## DATA FOR REVIEW
"""
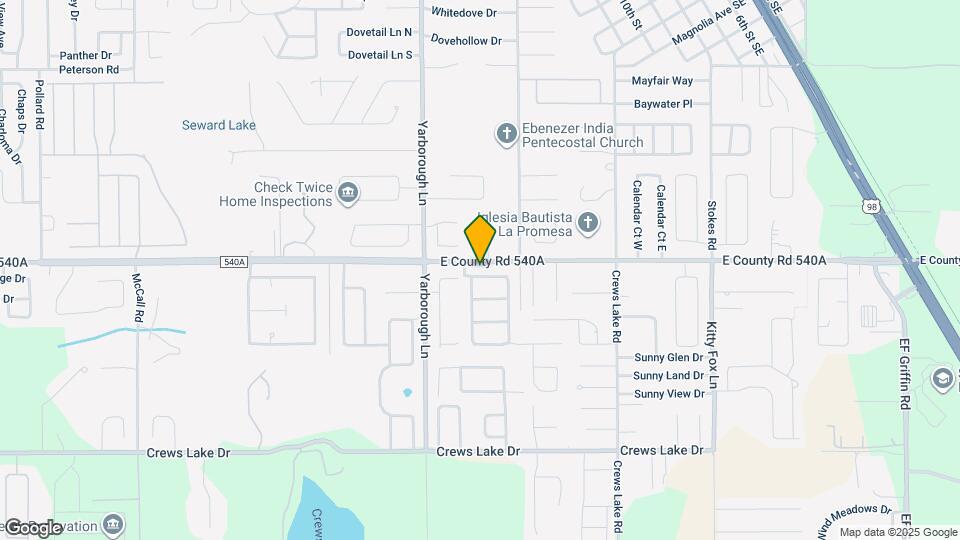 6216 Alamanda Hills Blvd Mapa y Detalles de la Ubicación
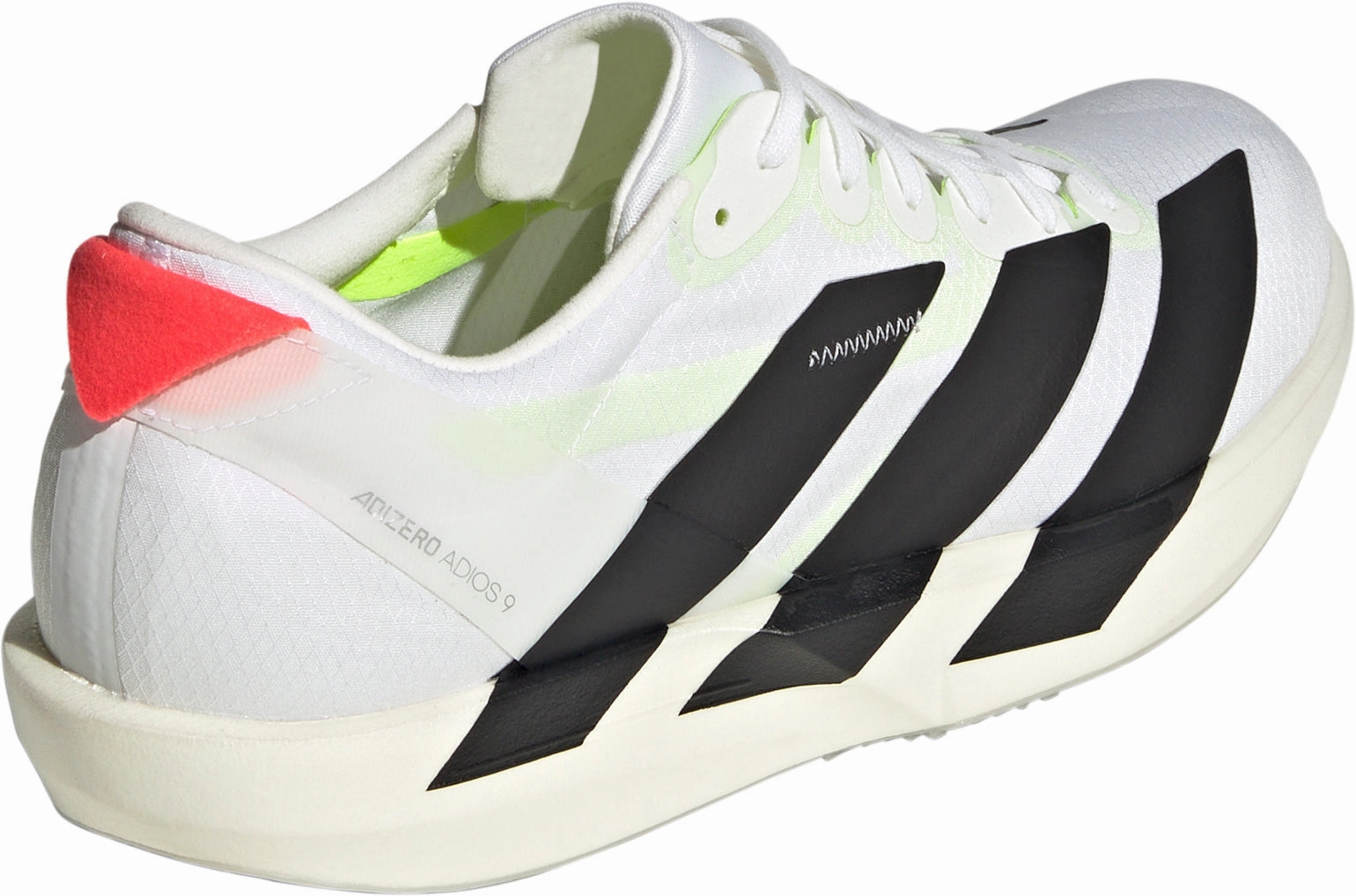 Flex Groove Design gel inserts adidas Adizero Adios 9 Womens Running Shoes - White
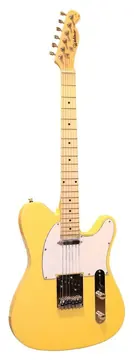 Waldman Telecaster Waldman GTE100 BC Amarela GTE-100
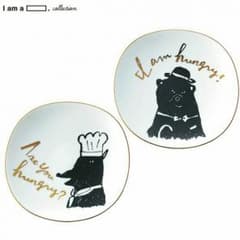新品☆ペア食器 動物柄☆maebataのサムネイル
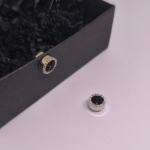 Magnetilised kõrvarõngad "Kuu vari"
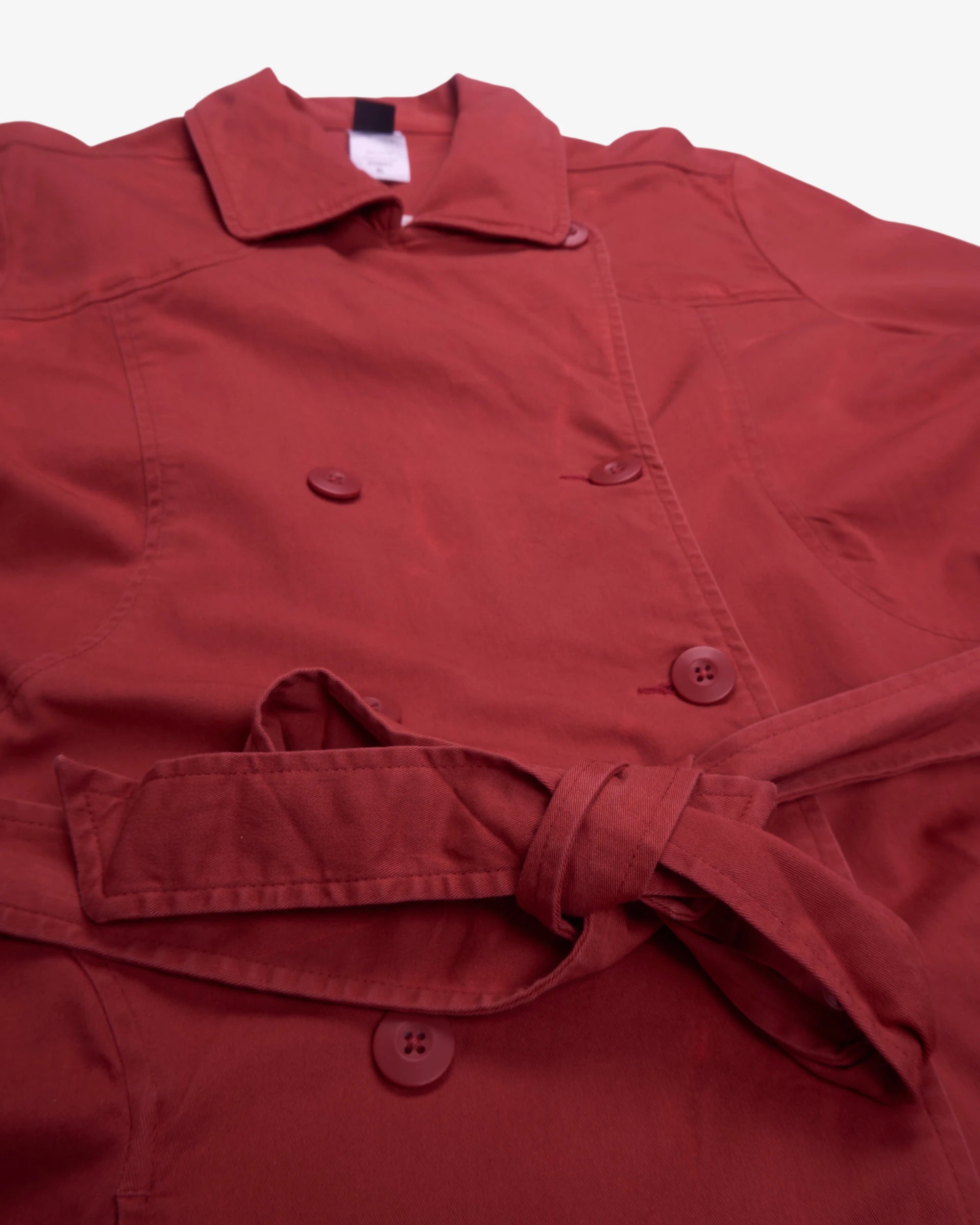 Patagonia Red Trenchcoat - XL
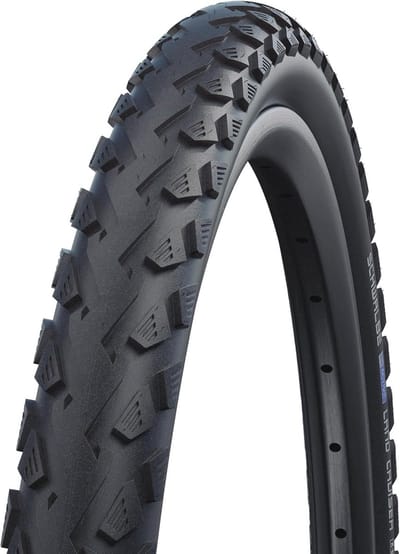 Unisex Schwalbe Land Cruiser Hs450 Stijve Banden - Zwart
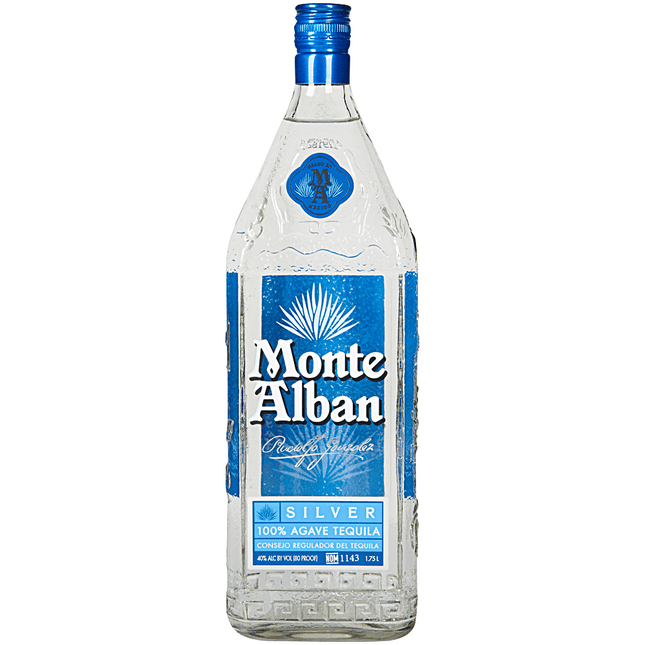 MONTE ALBAN SILVER 80 Proof 1750 ml - Wine barrel Plus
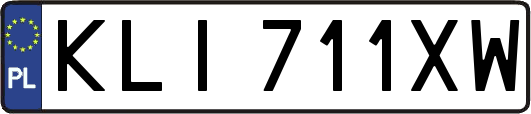 KLI711XW
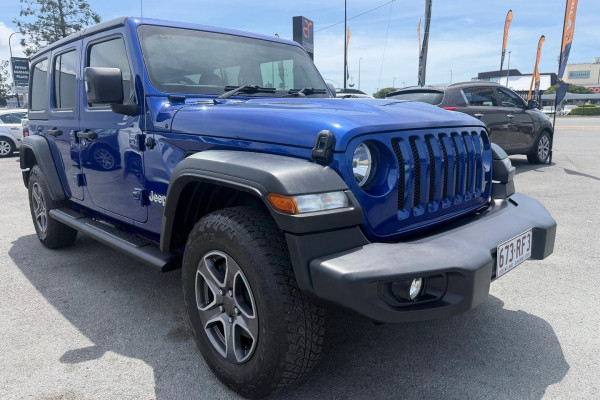 2019 Jeep Wrangler JL Unlimited Sport S SUV Image 4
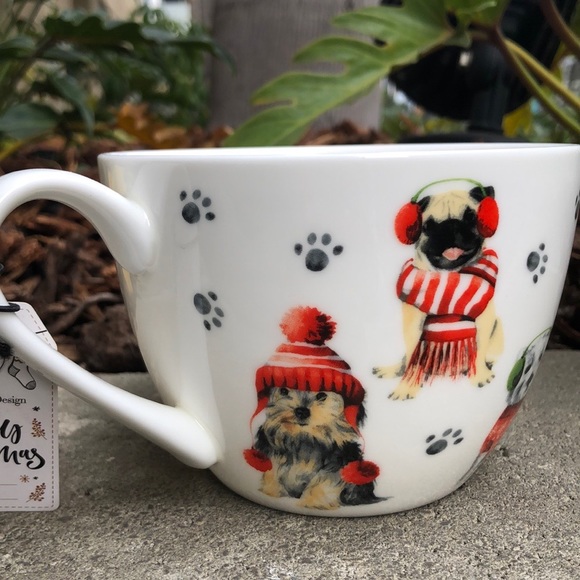 Cozy Winter Dog Mug - Picture 6 of 6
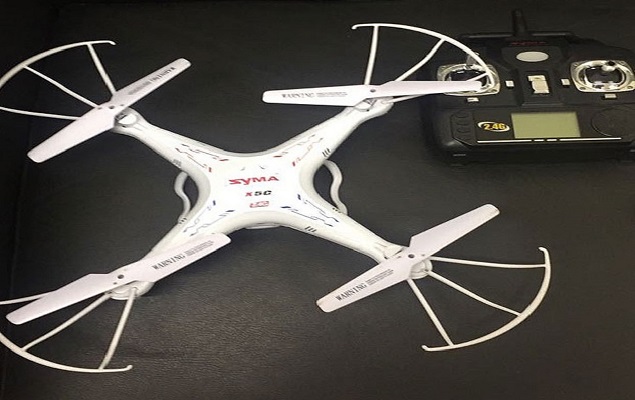 Drone usado em assaltos na zona leste de So Paulo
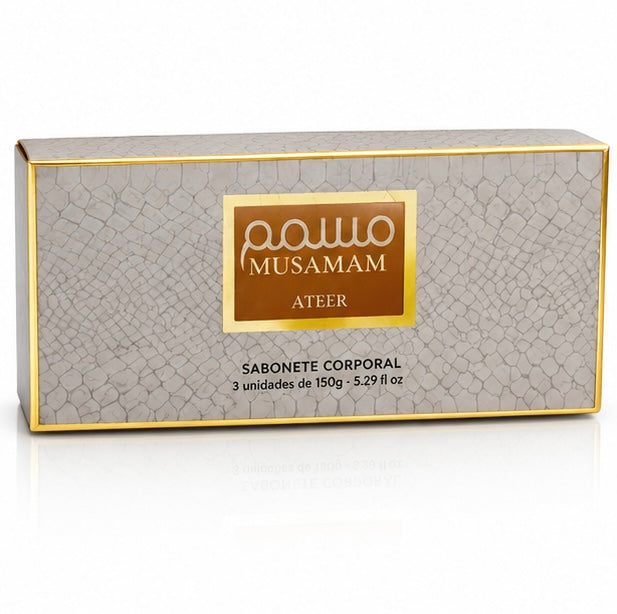 Musamam Afeer Sabonete Corporal 450g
"""
Only the text of the entries above, transcribed exactly, should be given; leave out pictures.

## ANSWER SPACE
 6216 Alamanda Hills Blvd Mapa y Detalles de la Ubicación
 Flex Groove Design gel inserts adidas Adizero Adios 9 Womens Running Shoes - White
 Waldman Telecaster Waldman GTE100 BC Amarela GTE-100
新品☆ペア食器 動物柄☆maebataのサムネイル
 Magnetilised kõrvarõngad "Kuu vari"
 Patagonia Red Trenchcoat - XL
 Unisex Schwalbe Land Cruiser Hs450 Stijve Banden - Zwart
 MONTE ALBAN SILVER 80 Proof 1750 ml - Wine barrel Plus
 KLI711XW
 2019 Jeep Wrangler JL Unlimited Sport S SUV Image 4
 Cozy Winter Dog Mug - Picture 6 of 6
 Drone usado em assaltos na zona leste de So Paulo
 Musamam Afeer Sabonete Corporal 450g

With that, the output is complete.